Dans cet esprit, il nous semble que la volonté de simplification discursive – de retour à une vulgarisation originelle, si nous préférons – va de pair avec le besoin de sécurité et de simplicité, voire de sobriété, exprimé par la grande majorité des futurs porteurs de parts. Confrontés à une grande diversité de situations patrimoniales, presque tous les praticiens enquêtés préfèrent pour leurs clients des montages accessibles, qu’ils seront capables de suivre et dont ils pourront s’occuper eux-mêmes personnellement, a fortiori quand ils sont âgés, conservateurs et se comportant en « bon père de famille ».
‘Q – Finalement vous privilégiez la simplicité dans vos propositions ?Selon le client qu’il a en face de lui, ce conseiller ne convoque pas les mêmes arguments. Son métier requiert par conséquent une disposition psychologique qui le pousse à renoncer à des stratégies complexes si l’adhésion du client est délicate. Dit autrement, les solutions proposées sont d’autant plus subtiles que la situation s’y prête et que le client est quelque peu joueur 514 . D’où son refus par exemple de monter des SCI « démocratiques » avec des associés partenaires d’affaires, fortement imposés, étrangers les uns aux autres ; il préfère leur parler de SARL immobilière. Il est plus enclin à élaborer des stratégies dans le cadre d’affaires familiales, à l’intérieur desquelles un père de famille est tout puissant, où rien ne change vraiment, et à concevoir ce faisant des SCI plus « monarchiques », où les contraintes de gestion et d’information sont de facto moins prégnantes 515 . Ce type de client, par moments inquiet, ne désire pas qu’on bouleverse trop ses habitudes ; il demeure attaché à une routine à et une prévisibilité sécurisantes 516 .
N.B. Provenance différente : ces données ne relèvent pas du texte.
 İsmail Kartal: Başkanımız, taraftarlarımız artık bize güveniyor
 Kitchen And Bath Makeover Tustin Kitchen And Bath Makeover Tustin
Ainsi, la sophistication se présente comme un cas-limite, qui ne concerne qu’un nombre infime de clients. Etant donné que « plus le montage est complexe, moins le client est acteur » [Directeur d’un GIE d’assistance juridique et patrimoniale, PRAT 35], les praticiens dans leur ensemble gagnent à souscrire aux besoins réels des clients réfractaires, l’enjeu étant qu’ils apprennent à être responsable et à ne pas tout déléguer. Le conseiller ne succombe d’ailleurs pas à l’engouement actuel de son milieu pour l’apport de la nue-propriété d’un immeuble à une SCI, suivi de la donation des parts reçues en rémunération de cet apport. Il y voit une sorte d’« usine à gaz » qui peut rebuter plus d’un client culturellement habitué à des modes plus conventionnels de transmission successorale. L’efficacité et le conformisme priment donc sur l’originalité et la fantaisie. Il lui importe, à l’instar d’un avocat interrogé, de « monter des SCI à l’image de la personnalité du client » [PRAT 14] et, plus encore, à l’image de leur profil sociologique.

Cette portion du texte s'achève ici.